### About this exercise
If a line of the records contains the string "Photo", copy it out.

### Data shown

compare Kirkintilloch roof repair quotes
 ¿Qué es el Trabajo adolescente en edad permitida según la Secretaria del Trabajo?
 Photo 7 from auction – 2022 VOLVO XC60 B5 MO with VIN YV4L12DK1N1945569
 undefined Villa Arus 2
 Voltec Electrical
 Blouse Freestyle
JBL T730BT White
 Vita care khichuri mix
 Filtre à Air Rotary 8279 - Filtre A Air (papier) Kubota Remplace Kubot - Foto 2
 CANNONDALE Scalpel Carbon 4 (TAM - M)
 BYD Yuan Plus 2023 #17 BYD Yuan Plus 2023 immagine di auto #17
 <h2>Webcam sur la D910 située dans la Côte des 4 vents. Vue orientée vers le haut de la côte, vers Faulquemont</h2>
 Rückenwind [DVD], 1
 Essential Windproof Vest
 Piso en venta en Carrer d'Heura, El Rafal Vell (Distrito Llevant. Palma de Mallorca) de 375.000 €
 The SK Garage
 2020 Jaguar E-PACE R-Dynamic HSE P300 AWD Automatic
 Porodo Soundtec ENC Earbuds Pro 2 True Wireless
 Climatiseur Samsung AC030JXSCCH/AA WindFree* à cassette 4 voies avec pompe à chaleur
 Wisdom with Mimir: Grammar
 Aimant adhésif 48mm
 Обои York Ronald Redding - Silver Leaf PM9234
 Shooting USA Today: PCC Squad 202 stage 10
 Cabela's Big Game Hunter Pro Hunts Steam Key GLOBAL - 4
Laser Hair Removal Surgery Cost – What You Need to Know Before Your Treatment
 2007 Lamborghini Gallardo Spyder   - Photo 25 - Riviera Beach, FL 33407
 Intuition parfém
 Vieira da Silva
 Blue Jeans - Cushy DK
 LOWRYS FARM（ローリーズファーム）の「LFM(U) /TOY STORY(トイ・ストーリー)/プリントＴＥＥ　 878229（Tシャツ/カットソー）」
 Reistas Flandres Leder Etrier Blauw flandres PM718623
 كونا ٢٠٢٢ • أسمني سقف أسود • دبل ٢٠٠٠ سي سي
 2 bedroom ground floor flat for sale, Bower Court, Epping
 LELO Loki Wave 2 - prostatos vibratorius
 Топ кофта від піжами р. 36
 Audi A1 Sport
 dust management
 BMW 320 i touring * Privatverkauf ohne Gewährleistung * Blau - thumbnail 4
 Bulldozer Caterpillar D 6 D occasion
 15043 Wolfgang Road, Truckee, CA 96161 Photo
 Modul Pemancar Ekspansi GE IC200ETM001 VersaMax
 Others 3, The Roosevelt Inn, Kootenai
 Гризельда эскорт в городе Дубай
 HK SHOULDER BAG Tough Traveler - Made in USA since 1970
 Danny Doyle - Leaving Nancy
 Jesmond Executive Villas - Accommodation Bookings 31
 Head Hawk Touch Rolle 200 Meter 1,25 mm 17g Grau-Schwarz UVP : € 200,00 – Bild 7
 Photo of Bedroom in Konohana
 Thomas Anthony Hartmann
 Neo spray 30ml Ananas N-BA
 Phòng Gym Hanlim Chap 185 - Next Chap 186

### Result
 Photo 7 from auction – 2022 VOLVO XC60 B5 MO with VIN YV4L12DK1N1945569
 2007 Lamborghini Gallardo Spyder   - Photo 25 - Riviera Beach, FL 33407
 15043 Wolfgang Road, Truckee, CA 96161 Photo
 Photo of Bedroom in Konohana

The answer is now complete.